You are viewing a plain text version of this content. The canonical link for it is here.
Posted to dev@spark.apache.org by "R. Tyler Croy" <rt...@brokenco.de> on 2019/05/19 16:27:13 UTC

Object serialization for workers

Greetings! I am looking into the possibility of JRuby support for Spark, and
could use some pointers (references?) to orient myself a bit better within the
codebase.

JRuby fat jars load just fine in Spark but where things start to get
predictably dicey is with object serialization for RDDs getting sent to the
workers.

Having worked on something similar for Apache Storm
(https://github.com/jruby-gradle/redstorm), what we ended up doing was shimming
some classes to handy Ruby object/class serialization properly.

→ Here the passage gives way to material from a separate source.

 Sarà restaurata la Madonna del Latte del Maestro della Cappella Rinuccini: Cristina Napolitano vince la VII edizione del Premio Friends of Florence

I'm expecting to do something similar in Spark but I'm not entirely sure which
interfaces/classes describe the serialization of RDDs. I'm figuring that I'll
need to implement a Ruby equivalent of the org.apache.spark.api.java.function
namespaces, but am not entirely where the pieces come together to turn those
into serialized objects.


Appreciate any direction you all might be able to share, in the meantime, I've
got my miner's cap on and am presently digging through core/ :)



Cheers

--
GitHub:  https://github.com/rtyler

GPG Key ID: 0F2298A980EE31ACCA0A7825E5C92681BEF6CEA2